La descente dans le gouffre m’éclate. Le descendeur, dur a actionner, meurtri les muscles de la main malgré le gant. J’éprouve tout de même un plaisir infini à voler au-dessus des ténèbres en découvrant, grâce à la lampe posée sur le casque, les fissures et les irrégularités de la paroi brillante d’humidité. Je n’ai pas peur. Je me sens en totale sécurité. Comme si j’entrais à nouveau dans les maternelles entrailles.
En posant les pieds sur les cailloux qui obstruent le fond du puits, je ressens du chagrin. J’aurais voulu continuer à planer dans le vide.
Au sol le puits doit avoir un diamètre de 5 ou 6 mètres. Je me ferai confirmer ou infirmer ces chiffres par Sacha quand je le reverrai et corrigerai cette donnée si besoin est. Son fond n’est guère accueillant.
Nous éteignons les lumières pour écouter, dans une nuit totale, un silence empli de ruissellements. Emouvant.
Sur la même expédition au Gouffre du Gros-Crêt les billets qui précédent celui-ci:
Article ICI
Article 1 ICI
Article 2 ICI
Photographies et commentaires
Bibi dans la fissure. Depuis l’entrée du gouffre, c’est un immeuble de dix étages que je descends à la corde.
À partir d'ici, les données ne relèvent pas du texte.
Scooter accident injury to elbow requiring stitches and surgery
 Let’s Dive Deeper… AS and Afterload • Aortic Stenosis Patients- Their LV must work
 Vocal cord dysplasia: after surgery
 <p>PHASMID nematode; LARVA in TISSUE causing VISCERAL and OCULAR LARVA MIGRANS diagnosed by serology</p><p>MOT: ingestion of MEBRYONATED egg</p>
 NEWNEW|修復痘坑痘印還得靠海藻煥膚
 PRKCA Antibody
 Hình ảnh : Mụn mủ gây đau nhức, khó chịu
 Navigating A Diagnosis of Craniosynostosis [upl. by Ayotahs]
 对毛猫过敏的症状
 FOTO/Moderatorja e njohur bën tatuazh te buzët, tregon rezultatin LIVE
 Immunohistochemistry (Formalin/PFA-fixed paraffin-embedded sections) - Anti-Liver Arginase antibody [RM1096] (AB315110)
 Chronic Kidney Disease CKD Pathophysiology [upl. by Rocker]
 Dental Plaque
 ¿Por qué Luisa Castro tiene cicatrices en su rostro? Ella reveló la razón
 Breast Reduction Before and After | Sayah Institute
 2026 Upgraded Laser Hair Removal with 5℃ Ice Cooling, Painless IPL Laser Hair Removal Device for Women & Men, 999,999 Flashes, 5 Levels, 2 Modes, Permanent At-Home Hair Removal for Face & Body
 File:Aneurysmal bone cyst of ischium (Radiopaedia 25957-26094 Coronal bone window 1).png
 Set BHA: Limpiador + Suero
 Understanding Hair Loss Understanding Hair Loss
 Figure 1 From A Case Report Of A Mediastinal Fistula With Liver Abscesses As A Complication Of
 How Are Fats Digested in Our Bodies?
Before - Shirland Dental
Le sol se rapproche. J’hésite entre joie et tristesse.
Je regarde le haut du puits pour évaluer mon premier “exploit” spéléo sur corde.
Contente, je pose fièrement dans la partie la plus basse du gouffre.
Le sol est composé de cailloux et de bois mort tombé de l’extérieur. Entre des pierres et des branches, une souris morte. Je repère aussi un briquet en plastique et une canette de boisson énergisante. Les spéléologues neuchatelois ayant passé des dizaines d’années à nettoyer les gouffres qui servaient autrefois de “déchetteries” cela m’étonerait fort que l’un d’eux ait oublié ces déchets. Je suis prête à parier que ce sont des randonneurs imbéciles qui ont jeté ces objets afin d’évaluer la profondeur du gouffre au son.
La photo INTERDITE
Sacha qui, en ce moment et jusqu’à la fin de la semaine, se trouve quelque part en expédition à la montagne au fond d’un trou “extrême” très loin d’une connexion internet ou d’une antenne quelconque, m’a formellement INTERDIT DE PUBLIER CETTE PHOTO! Les absents ayant toujours tort, je la publie quand même afin de m’en souvenir. Qui a une petite idée du pourquoi de cette interdiction? Vous donnez votre langue au chat? Observez bien. Je tiens la corde AU-DESSUS DU DESCENDEUR, c’est-à-dire de manière totalement inappropriée et parfaitement dangereuse. Voilà pourquoi môssieu perfectionniste, qui craint que je ne donne le mauvais exemple aux spéléos en herbe qui viendraient à passer par ici, m’a interdit de mettre cette image en ligne. Ben je la mets quand même na! Pour passer ses vacances, il fallait qu’il choisisse une plage au soleil avec moi, plutôt qu’une galerie sous terre comme une taupe!